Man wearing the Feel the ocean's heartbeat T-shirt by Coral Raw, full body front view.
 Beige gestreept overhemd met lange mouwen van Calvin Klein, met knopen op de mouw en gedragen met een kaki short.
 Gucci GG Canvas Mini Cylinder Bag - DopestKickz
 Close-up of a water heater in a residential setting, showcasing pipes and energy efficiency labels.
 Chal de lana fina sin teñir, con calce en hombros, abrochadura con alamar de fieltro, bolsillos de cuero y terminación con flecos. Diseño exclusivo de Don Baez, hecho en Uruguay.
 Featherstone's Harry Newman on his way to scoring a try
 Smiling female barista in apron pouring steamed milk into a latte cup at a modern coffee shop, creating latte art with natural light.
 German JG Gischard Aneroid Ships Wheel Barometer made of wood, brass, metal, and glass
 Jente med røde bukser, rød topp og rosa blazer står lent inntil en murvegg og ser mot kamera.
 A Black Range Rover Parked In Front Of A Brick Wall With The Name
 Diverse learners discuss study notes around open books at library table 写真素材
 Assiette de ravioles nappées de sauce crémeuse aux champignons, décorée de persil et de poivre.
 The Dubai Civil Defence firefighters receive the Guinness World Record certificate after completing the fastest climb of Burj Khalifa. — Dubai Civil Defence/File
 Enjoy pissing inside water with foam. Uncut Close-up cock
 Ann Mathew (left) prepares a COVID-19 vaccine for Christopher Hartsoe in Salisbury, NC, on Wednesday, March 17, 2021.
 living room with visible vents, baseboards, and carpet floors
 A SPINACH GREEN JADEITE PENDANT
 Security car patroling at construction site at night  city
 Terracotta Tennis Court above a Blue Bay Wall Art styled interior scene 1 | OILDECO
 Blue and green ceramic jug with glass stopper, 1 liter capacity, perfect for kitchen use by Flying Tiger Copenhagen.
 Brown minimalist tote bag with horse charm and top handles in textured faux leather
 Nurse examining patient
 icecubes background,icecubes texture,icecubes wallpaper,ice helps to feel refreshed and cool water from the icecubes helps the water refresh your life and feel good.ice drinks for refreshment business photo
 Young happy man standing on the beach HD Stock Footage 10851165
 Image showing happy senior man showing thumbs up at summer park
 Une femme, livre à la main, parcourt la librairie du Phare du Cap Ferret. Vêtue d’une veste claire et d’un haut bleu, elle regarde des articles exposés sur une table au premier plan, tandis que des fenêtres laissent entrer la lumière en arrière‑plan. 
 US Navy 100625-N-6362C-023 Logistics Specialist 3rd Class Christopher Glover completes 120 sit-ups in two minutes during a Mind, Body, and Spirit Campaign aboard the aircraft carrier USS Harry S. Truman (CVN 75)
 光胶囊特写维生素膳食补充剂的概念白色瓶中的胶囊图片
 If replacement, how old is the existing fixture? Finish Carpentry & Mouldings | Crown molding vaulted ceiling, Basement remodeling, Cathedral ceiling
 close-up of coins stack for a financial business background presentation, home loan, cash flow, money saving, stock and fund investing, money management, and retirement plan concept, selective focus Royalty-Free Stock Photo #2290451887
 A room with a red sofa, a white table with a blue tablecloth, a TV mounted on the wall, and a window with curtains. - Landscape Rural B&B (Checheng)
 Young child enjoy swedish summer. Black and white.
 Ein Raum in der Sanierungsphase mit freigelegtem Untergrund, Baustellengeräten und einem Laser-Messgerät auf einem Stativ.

= = = = =

- ACTIVITY:
Filter the records above for the string "Young" and copy each matching line.

- THE ANSWER:
 Young happy man standing on the beach HD Stock Footage 10851165
 Young child enjoy swedish summer. Black and white.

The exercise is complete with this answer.